Got a pair of insulated Red Wings only wear them in cold weather but really like them don't know the model # off top of my head but they are USA made really like them after getting them broke in.


----------



## Lostin55 (Sep 21, 2013)

I have worn Red Wings for years at work, and I have worn out more pairs than I care to remember. They are the best work-boot that I have found.

My favorite boot now is Kenetrek's Mountain Extreme. They are pricey but worth every penny. I bought mine for an Alaskan hunt and have worn them for the last 3 years with virtually no wear visible.


----------



## Grateful11 (Apr 5, 2009)

I have several major problems with my feet. When someone talked me into trying a pair Justin's I thought what the heck. They're the best wearing, easiest boots on my feet I've ever worn, even better than some orthopedic steel toes that I paid almost $300 for. I've been wearing a pair of Justin 766 Copper Caprice steel toes for about 5 or 6 years and they're still going. They're made in the US but not cheap, $200 retail. Need to get me another pair before they move them overseas.

Looks like I better hurry up and find a pair because my size 11B is out of stock like all the other narrow width sizes, probably going to stop making them.

766's

http://www.justinoriginalworkboots.com/footwear/men/styles/8-inch-lace-up-work-boots/766

All their 8" work boots, some aren't made here.
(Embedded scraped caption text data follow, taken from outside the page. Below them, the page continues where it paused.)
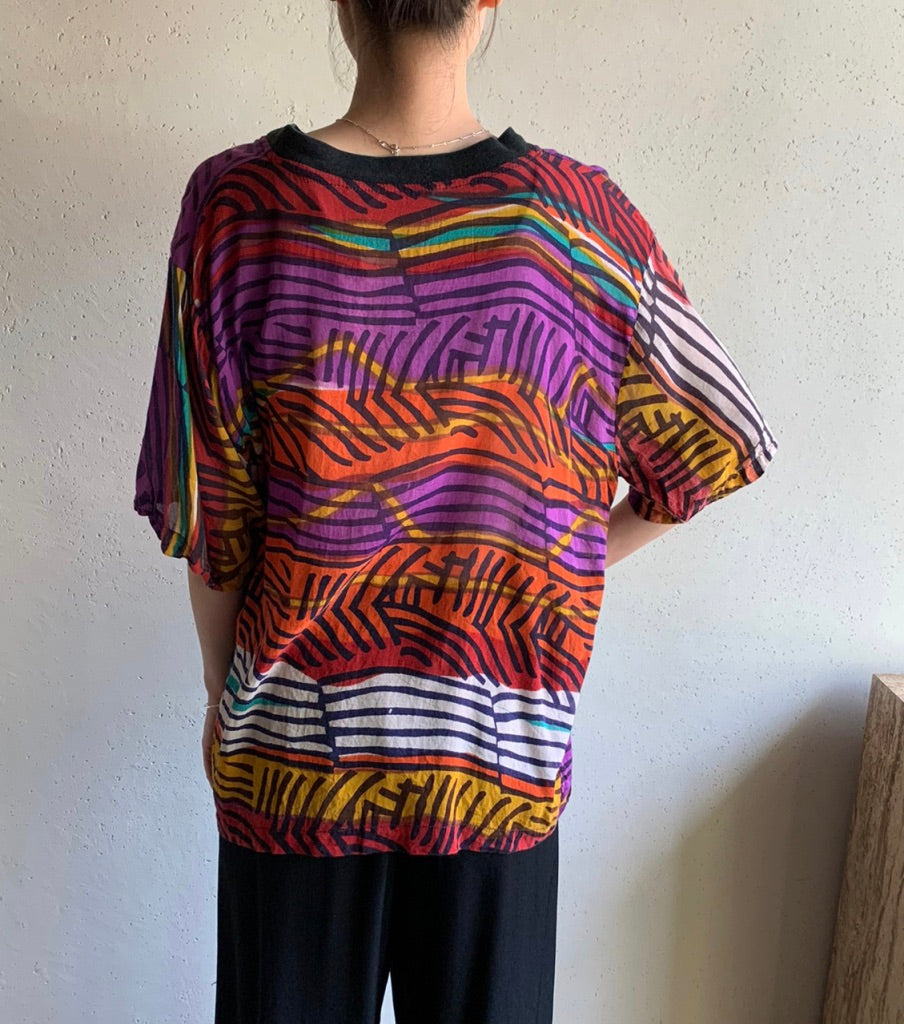 90s Sheer Printed Top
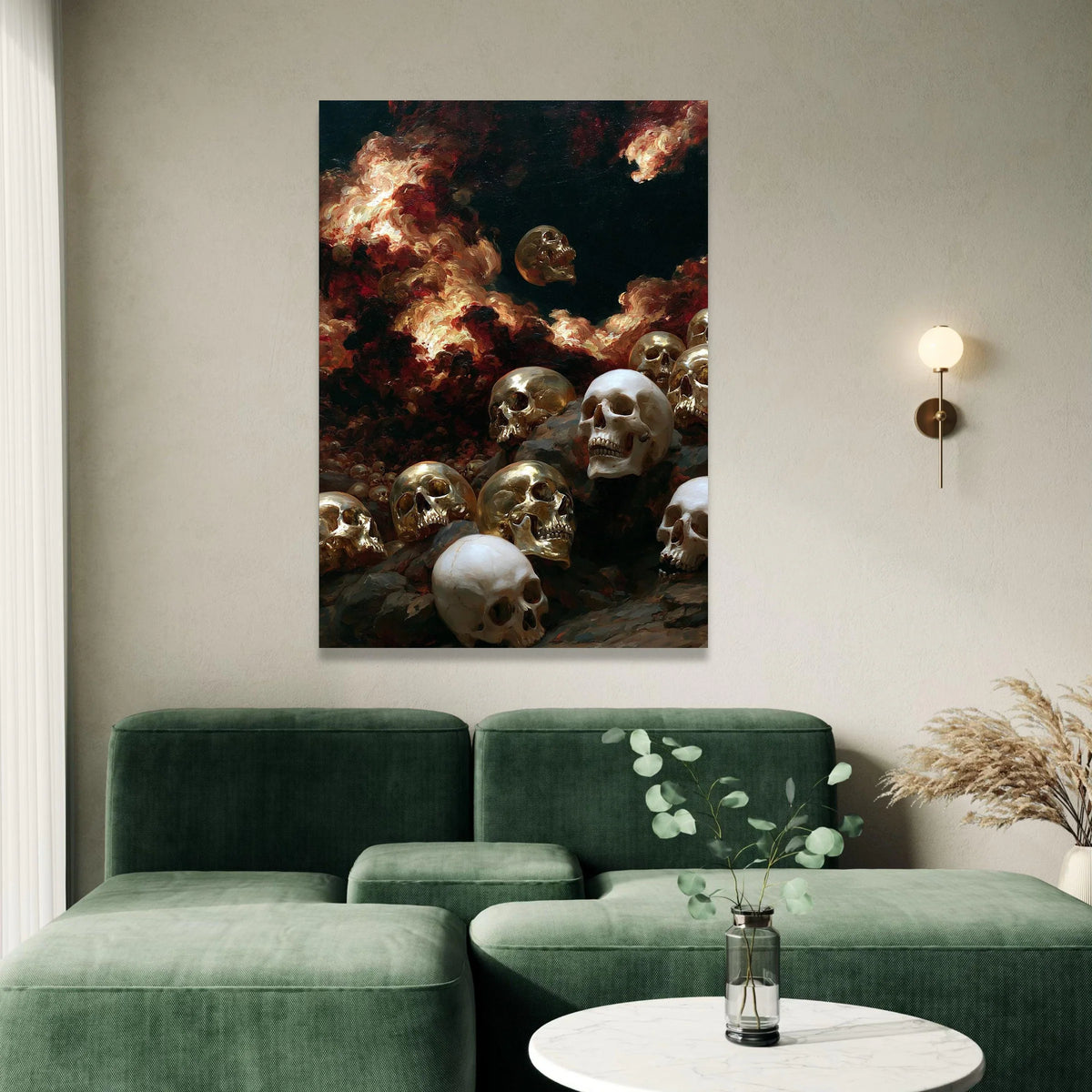 Dark Surreal Skull Scene Canvas, Skull Pile Wall Art, Dramatic Flames Painting Canvas, Gothic Home Decoration, Haunted Canvas Print Art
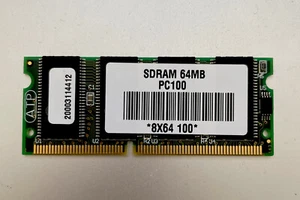 64MB MEMORY 8X64 PC100 8NS 3.3V SDRAM 144 PIN SO DIMM - Picture 1 of 2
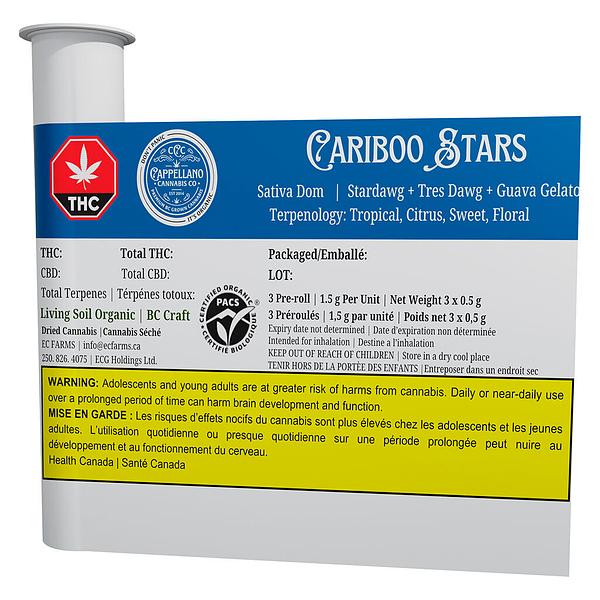 Cappellano Cannabis Co. - BC ORGANIC (LSO) CARIBOO STARS Pre-Roll image 3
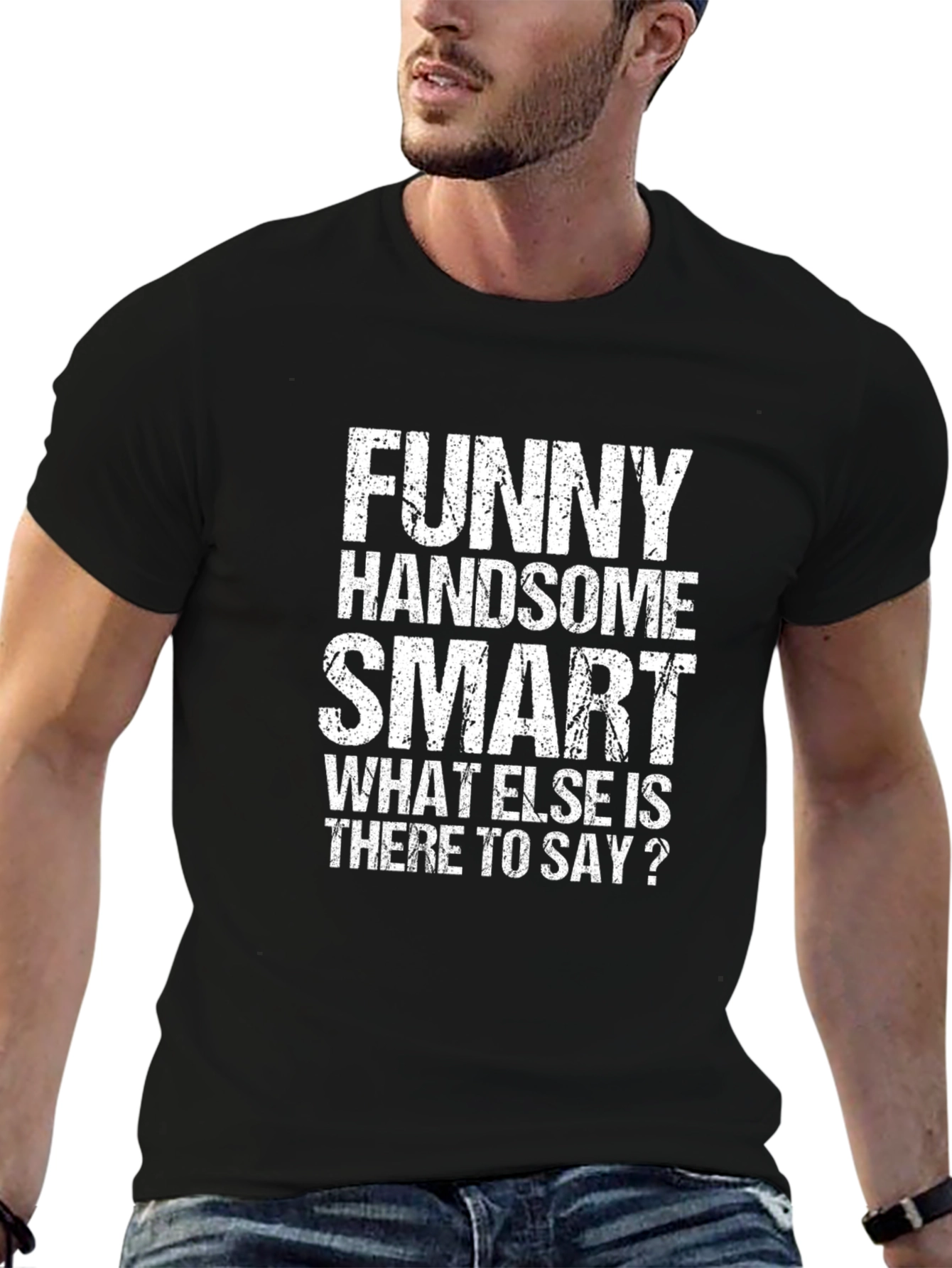 Funny Handsome Smart Mens Graphic T-Shirt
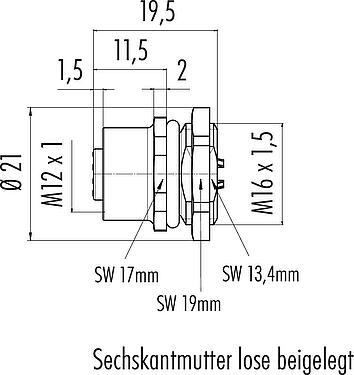 Maßzeichnung M12 Flanschdose, Polzahl: 8, ungeschirmt, löten, IP67, UL 2238, M16x1,5, Frontmontage
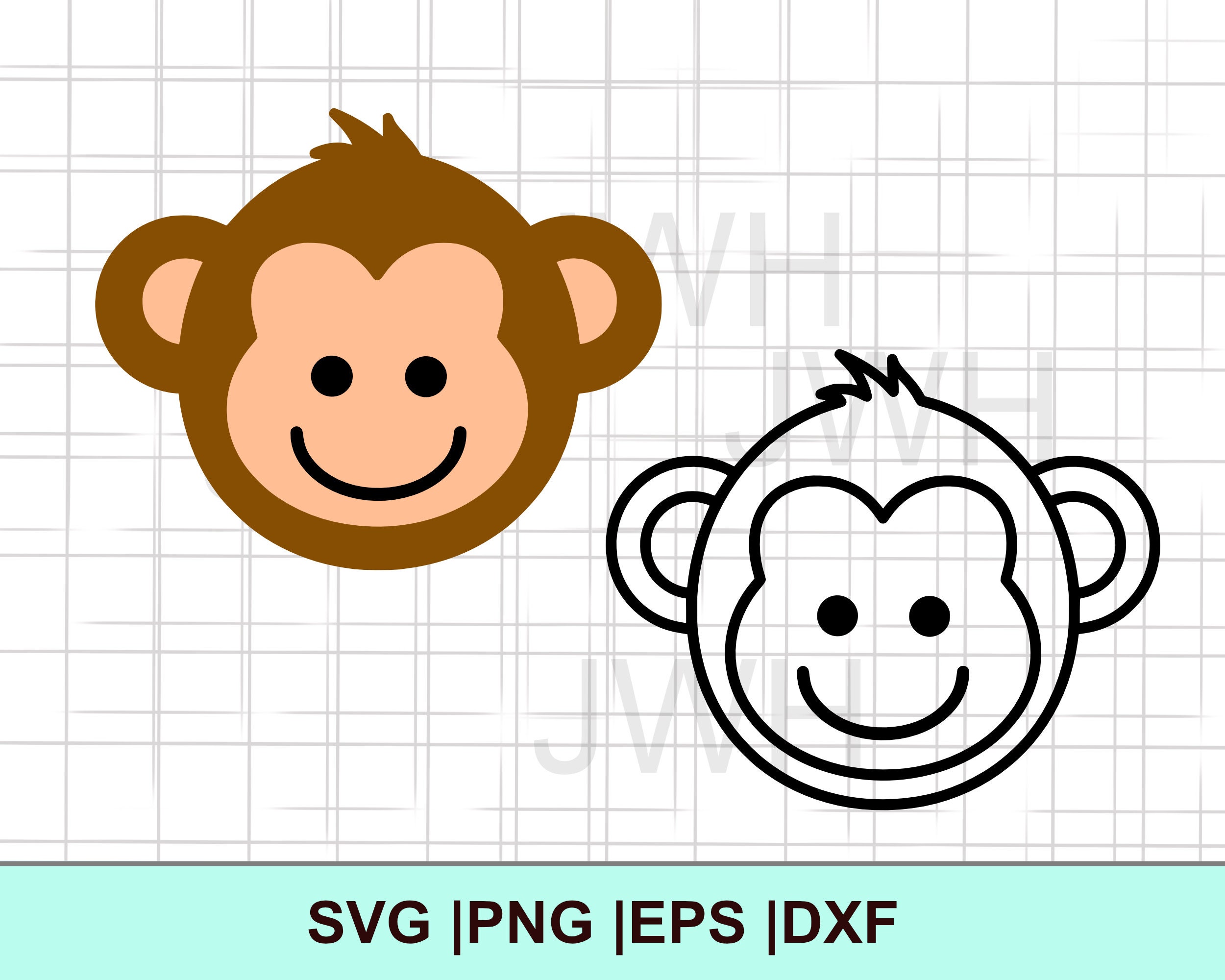 Cute Monkey Animal Flat PNG & SVG Design For T-Shirts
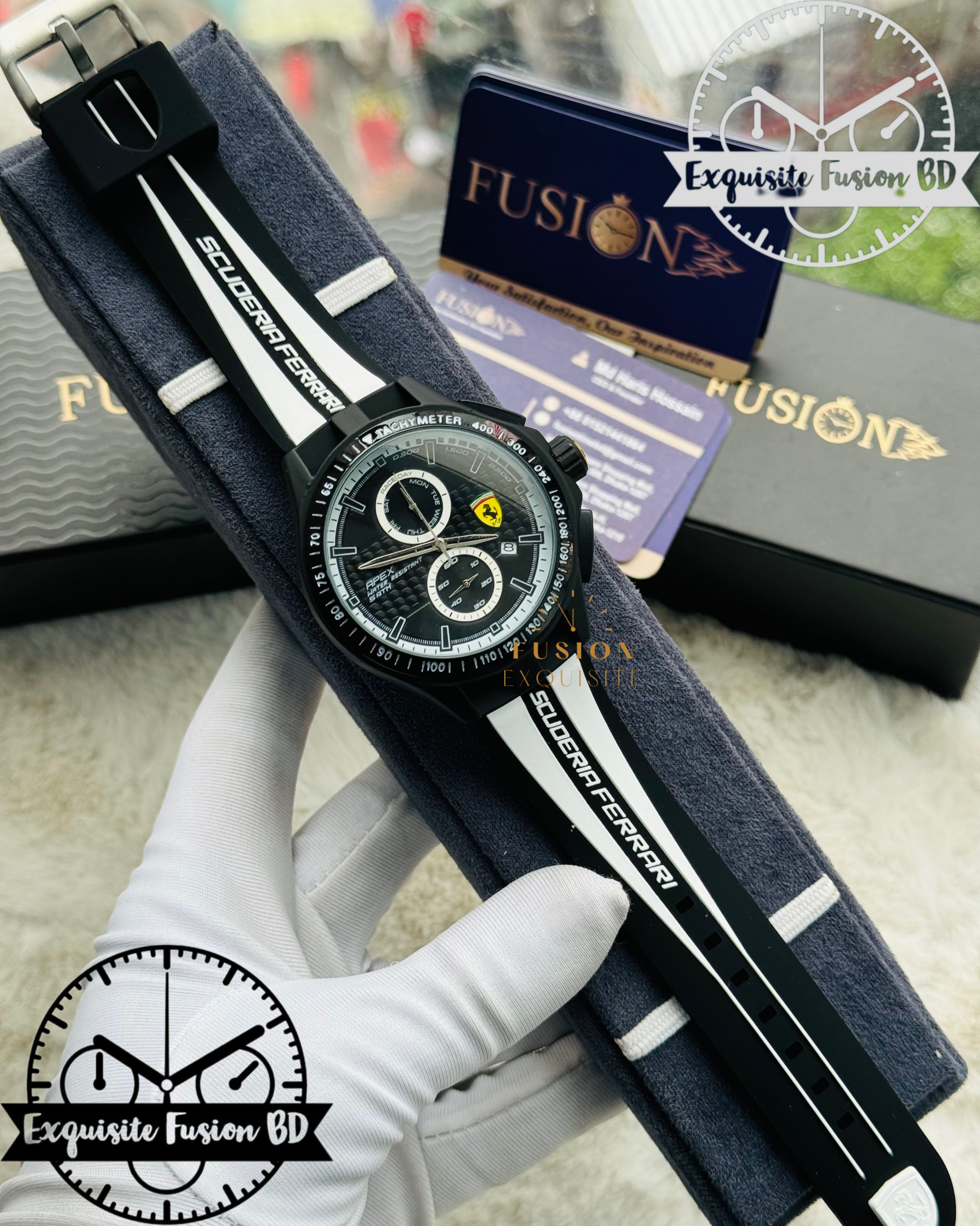 Ferrari White Chronograph Watch (AA Grade)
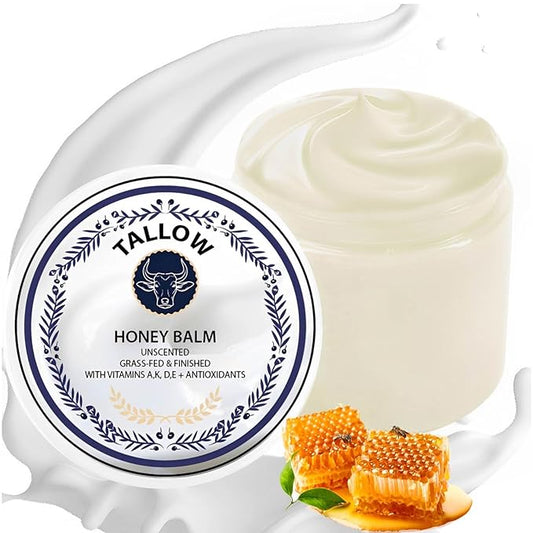 Grass Fed Honey & Tallow Balm -Beef Tallow Beeswax and Honey Moisturizer, Organic Beef Tallow Moisturizer for Face & Body Lotion Skin Care for Sensitive Skin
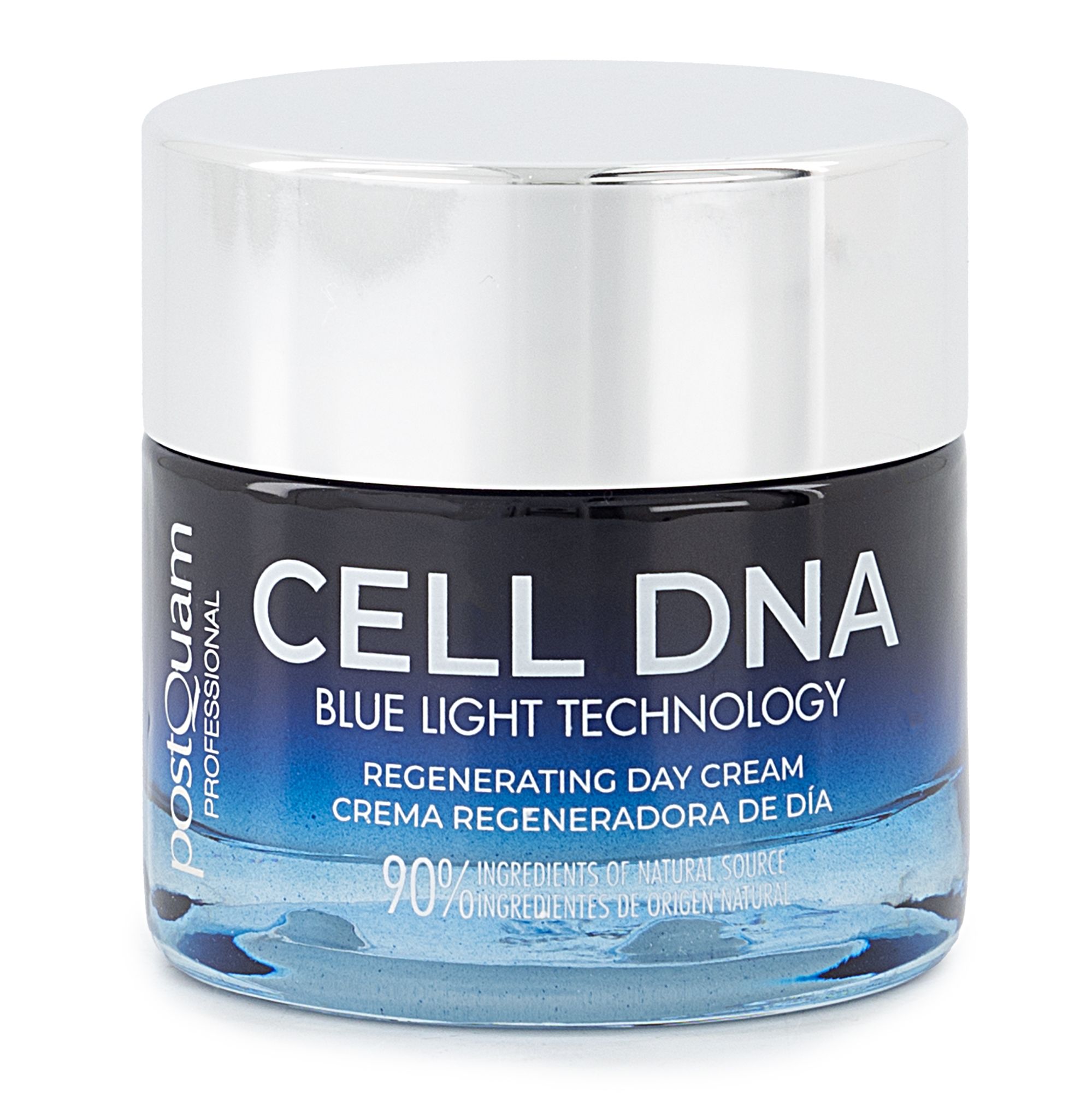 Postquam Cell DNA Tagescreme. Blaue Glasdose mit silbernem Deckel. Aufschrift: CELL DNA, Blue Light Technology, Regenerating Day Cream.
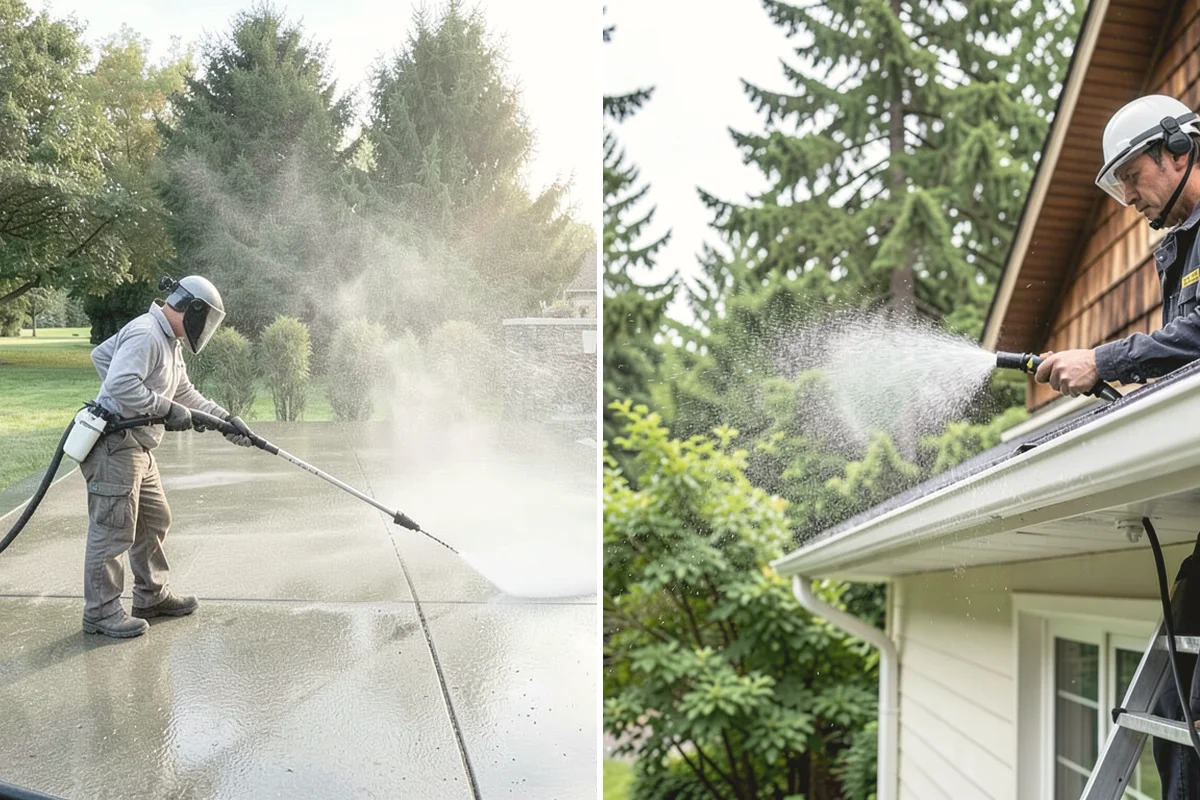 House Washing in University Place, Pierce County, WA - Inspect siding type and note delicate areas like vents and light fixtures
http://www.justinoriginalworkboots.com/footwear/men_styles_8-inch-lace-up-work-boots


----------



## Bgriffin856 (Nov 13, 2013)

I buy red wing 608 last 2.5-3 years. Only boot I like that'll hold up in dairy conditions. On my feet 8 hours minimum each day. Only wear them when its nice and dry I avoid mud and snow with them. Not cheap but worth it, footwear is very important


----------



## JD3430 (Jan 1, 2012)

I love my red wings. Worth every penny.


----------



## IH 1586 (Oct 16, 2014)

I wear 4417. Friend at work got me to try them. Best thing to wear when on cement all day. Made sure to get my allowance from work before leaving. Now have boots for the next 5+ years. Will be buying American red wings made after these wear out.


----------



## JD3430 (Jan 1, 2012)

I want to pass along some serious Red Wing advice, especially for my farming brotherhood:
Red Wing not only makes arguably the greatest boot, but they make probably the best boot INSERTS you'll ever buy!!! 
I had plantar fasciitis something terrible about 6 yrs ago. I read somewhere the red wing inserts gave PF sufferers a great deal of comfort. 
Not only were they comfortable, but I believe they CURED my plantar fasciitis. Nothing else worked.
Even if you don't have PF, buy the expensive inserts!!!!
Remove the factory inserts and put them in your red wings. You won't believe the comfort and support from them.


----------



## Bgriffin856 (Nov 13, 2013)

I can be on my feet all day in my red wings and go change into my regular rubber boots to do evening chores. Won't make it through half of milking and my knees and feet will hurt


----------



## azmike (Jan 4, 2015)

I wore Redwings since I wore Corcorrans in the Army (74). I get about one full year but the Redwings gave up quality and went very expensive. I changed over to Carolinas, same style but a better boot. The sewing at the tounge bottom stays sewn, plus the sole doesn't delaminate. I keep oiled as my ground will dry out leather.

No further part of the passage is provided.